Data entries
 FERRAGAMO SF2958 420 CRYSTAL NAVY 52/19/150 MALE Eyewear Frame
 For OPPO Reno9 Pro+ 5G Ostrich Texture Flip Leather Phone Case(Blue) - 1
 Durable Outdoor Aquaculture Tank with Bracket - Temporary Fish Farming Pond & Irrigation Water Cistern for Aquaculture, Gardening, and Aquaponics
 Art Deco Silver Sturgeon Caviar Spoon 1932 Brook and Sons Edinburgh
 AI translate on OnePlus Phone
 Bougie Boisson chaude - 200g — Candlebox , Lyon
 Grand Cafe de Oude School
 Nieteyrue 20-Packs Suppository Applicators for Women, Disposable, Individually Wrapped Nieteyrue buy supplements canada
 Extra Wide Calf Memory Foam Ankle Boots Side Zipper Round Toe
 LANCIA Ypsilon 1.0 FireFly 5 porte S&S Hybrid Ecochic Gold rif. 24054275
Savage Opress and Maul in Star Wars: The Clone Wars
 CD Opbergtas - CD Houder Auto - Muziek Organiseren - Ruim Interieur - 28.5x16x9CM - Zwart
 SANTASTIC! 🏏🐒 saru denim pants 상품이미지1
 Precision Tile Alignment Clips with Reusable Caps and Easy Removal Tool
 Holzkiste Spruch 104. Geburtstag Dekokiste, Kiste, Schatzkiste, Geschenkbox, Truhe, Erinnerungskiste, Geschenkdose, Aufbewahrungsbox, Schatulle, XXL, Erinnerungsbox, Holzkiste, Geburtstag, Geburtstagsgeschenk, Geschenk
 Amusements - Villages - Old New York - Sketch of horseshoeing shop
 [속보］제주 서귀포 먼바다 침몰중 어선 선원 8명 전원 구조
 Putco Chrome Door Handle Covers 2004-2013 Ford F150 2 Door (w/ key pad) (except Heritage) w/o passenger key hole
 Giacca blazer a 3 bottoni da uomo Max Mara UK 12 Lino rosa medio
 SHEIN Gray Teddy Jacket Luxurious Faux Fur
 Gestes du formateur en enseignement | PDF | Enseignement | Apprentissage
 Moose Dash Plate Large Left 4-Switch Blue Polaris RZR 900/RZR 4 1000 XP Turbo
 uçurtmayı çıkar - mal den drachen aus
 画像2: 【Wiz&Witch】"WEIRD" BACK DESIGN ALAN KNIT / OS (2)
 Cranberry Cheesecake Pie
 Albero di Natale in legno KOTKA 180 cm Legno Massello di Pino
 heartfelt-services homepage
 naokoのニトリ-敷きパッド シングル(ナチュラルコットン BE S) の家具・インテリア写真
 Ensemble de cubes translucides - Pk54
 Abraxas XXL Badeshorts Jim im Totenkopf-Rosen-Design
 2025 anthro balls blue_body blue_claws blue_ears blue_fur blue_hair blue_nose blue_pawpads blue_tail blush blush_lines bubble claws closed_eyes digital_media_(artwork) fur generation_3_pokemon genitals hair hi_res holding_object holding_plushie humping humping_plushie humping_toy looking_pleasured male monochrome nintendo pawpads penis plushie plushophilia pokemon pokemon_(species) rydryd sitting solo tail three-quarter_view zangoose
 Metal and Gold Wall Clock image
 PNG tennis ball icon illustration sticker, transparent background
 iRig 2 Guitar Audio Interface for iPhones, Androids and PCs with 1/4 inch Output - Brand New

WHAT YOU SHOULD DO:
Lines to set down from above: the line with "heartfelt-services homepage", the line with "PNG tennis ball", and every line between, each exactly as written.

RESPONSE TO THE TASK:
 heartfelt-services homepage
 naokoのニトリ-敷きパッド シングル(ナチュラルコットン BE S) の家具・インテリア写真
 Ensemble de cubes translucides - Pk54
 Abraxas XXL Badeshorts Jim im Totenkopf-Rosen-Design
 2025 anthro balls blue_body blue_claws blue_ears blue_fur blue_hair blue_nose blue_pawpads blue_tail blush blush_lines bubble claws closed_eyes digital_media_(artwork) fur generation_3_pokemon genitals hair hi_res holding_object holding_plushie humping humping_plushie humping_toy looking_pleasured male monochrome nintendo pawpads penis plushie plushophilia pokemon pokemon_(species) rydryd sitting solo tail three-quarter_view zangoose
 Metal and Gold Wall Clock image
 PNG tennis ball icon illustration sticker, transparent background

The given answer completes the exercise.